Narrazioni della parabola di Piero (7)
Caro Piero,
la tua bella, semplice, comprensiva, onesta umanità è stata per noi un dono stupendo e gradito.
Quella tua umanità che sapeva donare con serenità e sapeva suscitare entusiasmo. Quella tua umanità che affascinava i nostri cuori, riempiendoli di speranza in un contesto di profondo scoraggiamento diffuso di fronte al sempre più problematico vivere quotidiano.
“Quale bellezza salverà il mondo?” si chiedeva il cardinale Carlo Maria Martini, in una lettera pastorale rivolta alla sua città, Milano. Era una citazione dal romanzo “L’idiota” di Fëdor Dostoevskij. “Mettersi in ascolto delle domande vere del cuore umano vuol dire cogliere ogni nostalgia della bellezza, per camminare insieme con tutti, alla ricerca della bellezza che salva”, continuava Martini.
Caro Piero,
la tua amicizia, la gratuità dei tuoi doni ci hanno fatto vivere il dono della “Bellezza che salva”.

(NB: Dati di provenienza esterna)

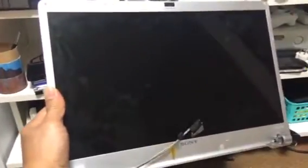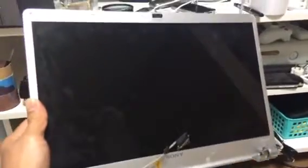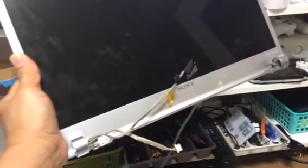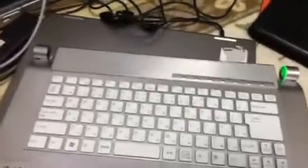Look what happened to my computer — the LCD panel is broken, so nothing can display. I don't want to spend a lot of money to fix it, so I cut my losses. The keyboard still works, and the only output I have is the HDMI.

Il rigo 39 del salmo 105, dove si canta Dio che guida gli ebrei nel deserto, la Chiesa lo traduce: “Distese una nube per proteggerli”. Lo scrittore Erri De Luca invece afferma che va tradotto così: “Stese una nuvola come tappeto”.
Dio spiana in cielo il suo cirro, ed esso, per effetto dell’ombra che produce, forma in terra una traccia.
Dove dirigersi nell’uniformità dell’orizzonte delle banalità del nostro vivere quotidiano? Dobbiamo levare lo sguardo al cirro disteso, la cui ombra si stende in terra come un tappeto, dobbiamo affidarci alla segnaletica celeste.
Ciao Piero,
a me, in ogni caso, piace pensare a te come segno celeste, come visione di ciò che è bene.
Ogni colloquio con te era una sorpresa gradita. Con te vicino non avevo paura di uscire fuori da me stesso e vivere con scioltezza.
Lo so, ho imparato, amico mio. La vita non cambia di molto. È il nostro sguardo che cambia, diventa più largo, capace di scandagliare meglio il senso degli eventi. Confesso che di amici non ne ho molti. A Voghera ho incontrato te.
All’inizio ti ho guardato diffidente. Stupidamente mi sono chiesto: a cosa servono gli amici? Poi, piano piano, ho cominciato ad accorgermi che gli amici “non servono”, gli amici “sono”, e sono insieme a te.
Ed ecco che, quando riconosci con tutto te stesso, agli uomini e alle donne che ti affiancano, il valore infinito di “essere”, allora ti accorgi che non c’è più spazio per i fantasmi, che i problemi, pur seri e gravi, sono “cose”, non più fantasmi.
Ciao Piero,
il mio male mi pone in bilico nella vita. Potrei raggiungerti in ogni momento. Ti confesso però che non ho alcuna fretta…
Piero, ti voglio bene, ti vorrò sempre un gran bene. Ciao.